◆ WORK ORDER
The result should be the lines from the one that contains "this 320×240 image." to the final line of the entries below, copied exactly and with no pictures.

◆ INFORMATION
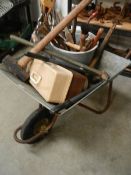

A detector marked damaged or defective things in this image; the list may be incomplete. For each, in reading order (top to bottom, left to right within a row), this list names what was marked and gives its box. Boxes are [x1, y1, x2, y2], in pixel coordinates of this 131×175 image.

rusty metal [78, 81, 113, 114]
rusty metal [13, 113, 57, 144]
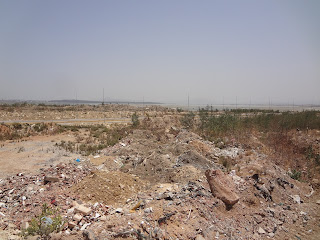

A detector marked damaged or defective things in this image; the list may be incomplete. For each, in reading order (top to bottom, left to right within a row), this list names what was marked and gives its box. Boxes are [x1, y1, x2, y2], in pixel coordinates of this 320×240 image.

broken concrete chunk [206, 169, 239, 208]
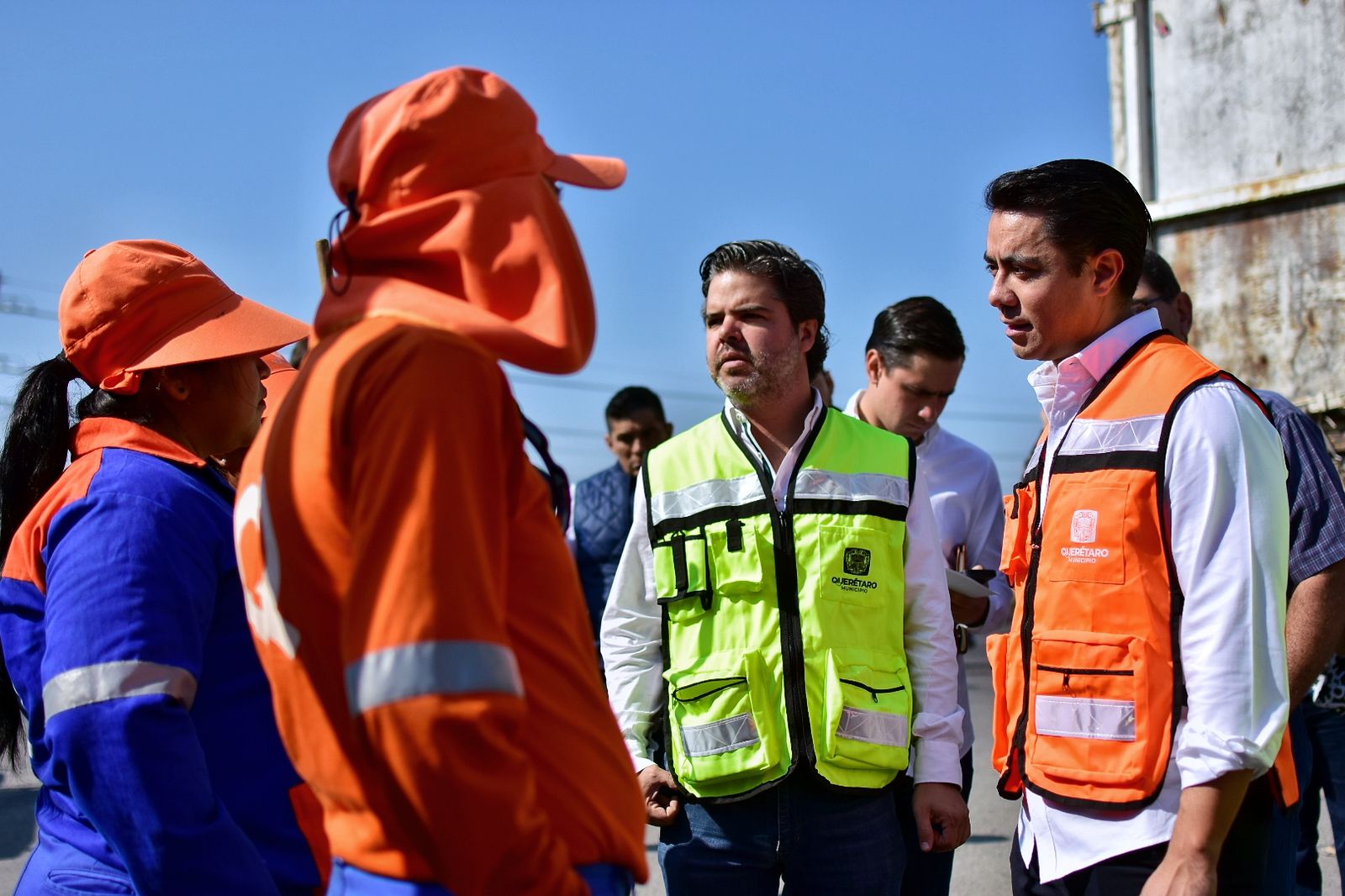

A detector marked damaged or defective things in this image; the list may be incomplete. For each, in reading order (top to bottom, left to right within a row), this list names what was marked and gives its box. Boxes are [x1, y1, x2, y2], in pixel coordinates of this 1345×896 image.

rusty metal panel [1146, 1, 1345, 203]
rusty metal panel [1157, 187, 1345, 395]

◆ SOLUTION
A detector marked damaged or defective things in this image; the list may be incomplete. For each, in reading order (top to bottom, left to right within a row), this list names what was marked and gives its box. Boxes are [x1, y1, x2, y2], in pixel coordinates of this 320×240 image.

broken concrete chunk [206, 169, 239, 208]

A detector marked damaged or defective things in this image; the list may be incomplete. For each, in reading order (top to bottom, left to right within a row), this list names what was marked and gives its box. Boxes are [x1, y1, x2, y2], in pixel coordinates of this 1345×896 image.

rusty metal panel [1146, 1, 1345, 203]
rusty metal panel [1157, 187, 1345, 395]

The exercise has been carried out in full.